I have a model in which A interacts with B to influence C which in turn influences D. A, B and C are continuous, and D is categorical. D has some missing data (4.5% out of around 300 people) and they do not seem to be random because most of those who are missing on D have low values on either A or B (-1 SD or more). The distribution of A is negatively skewed (skewness = -.626, S.D. = .142). A and B are moderately correlated (around .48).
Here are my questions. (1) I ran a path analysis without measurement model, and found that Bayesian analysis gives different results from the analysis using MLR. Why? (2) Which is a better way to handle missing data under what circumstances? Bayesian or MLR? (3) Which Bayesian method am I using when I specify ESTIMATOR=BAYES in the model described above?
I have a path model where most endogenous variables are normally distributed, but there is one mediator that is not normally distributed (example is below). I would like to use a Bayesian model to obtain asymmetric confidence intervals for the mediator (the model is multilevel and thus cannot use bootstrap estimates). I wanted to ask about how missing data would be handled for the variable that is non-normal.

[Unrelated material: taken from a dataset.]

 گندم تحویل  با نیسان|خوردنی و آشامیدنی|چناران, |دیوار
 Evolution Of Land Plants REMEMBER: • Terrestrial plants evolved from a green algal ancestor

Y1 ON X1 X2 Y2 ON X1 X2 Y1 Y3 ON X1 X2 Y1 Y2 MODEL INDIRECT: Y3 IND X1 X2 Y1;
Y2 is the variable that has a non-normal distribution. My question is: 1. If Y2 has a different distribution than the other variables (e.g., Dirichlet), is it assumed MAR based on X1 X2 Y1 2. Or, Is Y2 assumed MAR based on X1 X2 Y1 and also Y3 (i.e., including all variables listed in the path model, including ones that are not predictors of Y2) 3. Or are neither of these correct and there is another answer
2. is correct. And, normality is assumed for all variables conditional on the covariates X1, X2. Typically ML under MAR has some robustness to missing on non-normal variables.
John C posted on Monday, October 21, 2019 - 5:56 pm
I am trying to estimate a twolevel model with missing data on the the (binary) outcome. I am trying to bring in the distribution of the covariates into the model for estimation under MAR. Because some of these are also binary, I am using the Bayes estimator with the PREDICTOR=OBSERVED setting.
However, the latter setting is not available with TYPE=TWOLEVEL. Is there any other way I can account for the non independence of observations?
Or, is the only other option to give a full Bayesian specification with two levels of priors?
Sounds like you've studied chapters 9 and 10 of our RMA book. Perhaps the easiest approach is to take the approximate approach of using multilevel ML estimation and ignoring that some of the covariates are binary (treating them as continuous).
Note also the missing data matter on pages 446-447 of the RMA book where it shows that missing on Y is not helped by bringing covariates into the model (only missing on X for subjects with non-missing Y).